§ Required action: Could you write out, exactly, every line from the top of the data through the line holding "Let's make one"? Omit the pictures.

§ Source material:

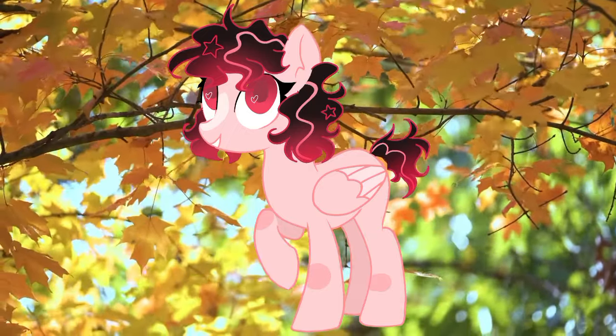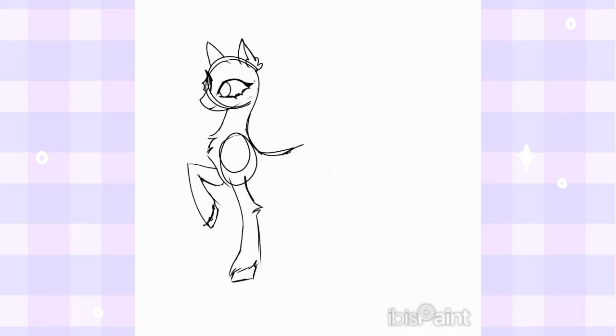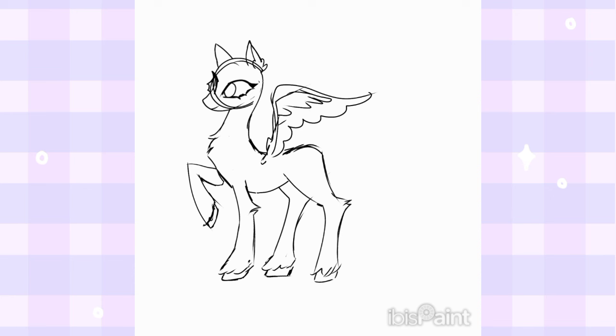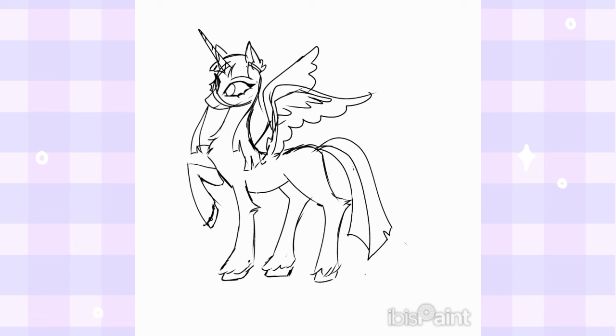With that being said, let's start the video! So since Twilight is the main character, I'm starting off with her. I'm not gonna change a lot in her redesign because I already like the way that she looks in the show. I'm only going to add some details that I think will fit her. I'm also going to make her slightly taller and slimmer than the others since she's an alicorn, and I'm going to keep her hairstyle but make the inner part pink.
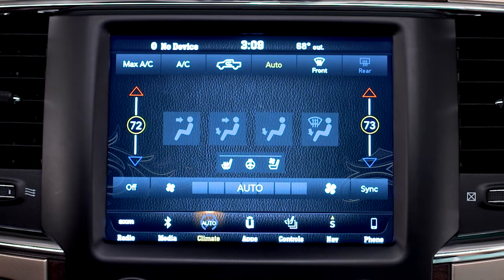To sync up the passenger and driver side temperatures, press the sync control. For maximum efficiency, just let the system work automatically.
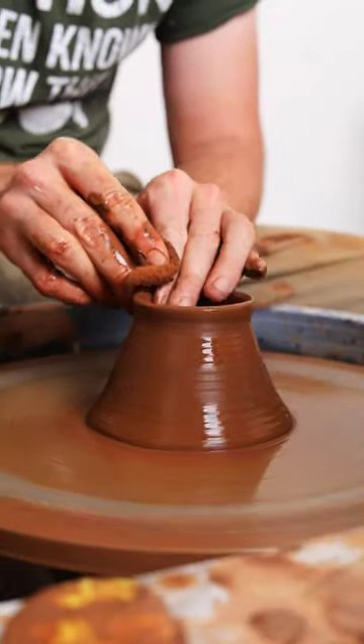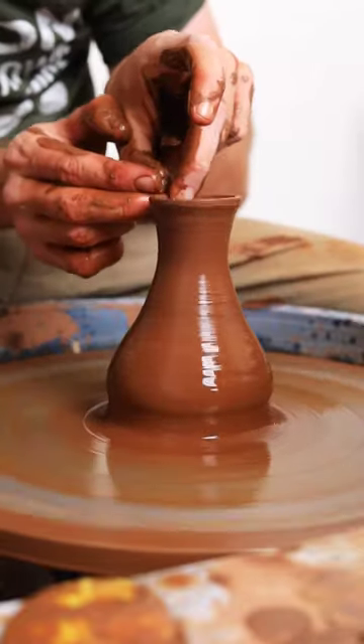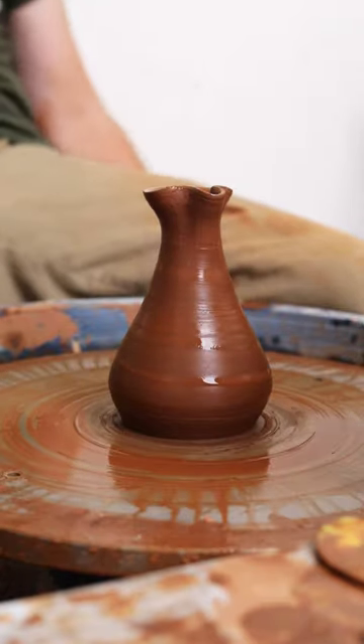Let's make one of my favorite forms — a sake bottle. I love these for a few reasons. Firstly, they're kind of like throwing a vase, which is my favorite form. Secondly, I get to add a spout to them, which I find really fun. And lastly, they're super functional.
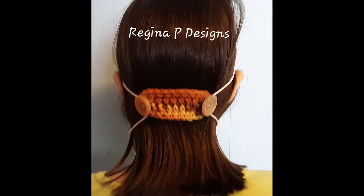Hello, today I'm going to show you how to make these really handy and helpful mask mates by Regina Pastrano. The idea is that instead of the elastic going around your ears, there's a little strap on the back with a button on each side and the elastic can go around the buttons. There will be a link to the pattern in the description below, and you'll also find a link to Regina's Ravelry, her website, and her Facebook group. She's got some really great patterns — I suggest you check them out.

§ Answer to this problem:
With that being said, let's start the video! So since Twilight is the main character, I'm starting off with her. I'm not gonna change a lot in her redesign because I already like the way that she looks in the show. I'm only going to add some details that I think will fit her. I'm also going to make her slightly taller and slimmer than the others since she's an alicorn, and I'm going to keep her hairstyle but make the inner part pink.
To sync up the passenger and driver side temperatures, press the sync control. For maximum efficiency, just let the system work automatically.
Let's make one of my favorite forms — a sake bottle. I love these for a few reasons. Firstly, they're kind of like throwing a vase, which is my favorite form. Secondly, I get to add a spout to them, which I find really fun. And lastly, they're super functional.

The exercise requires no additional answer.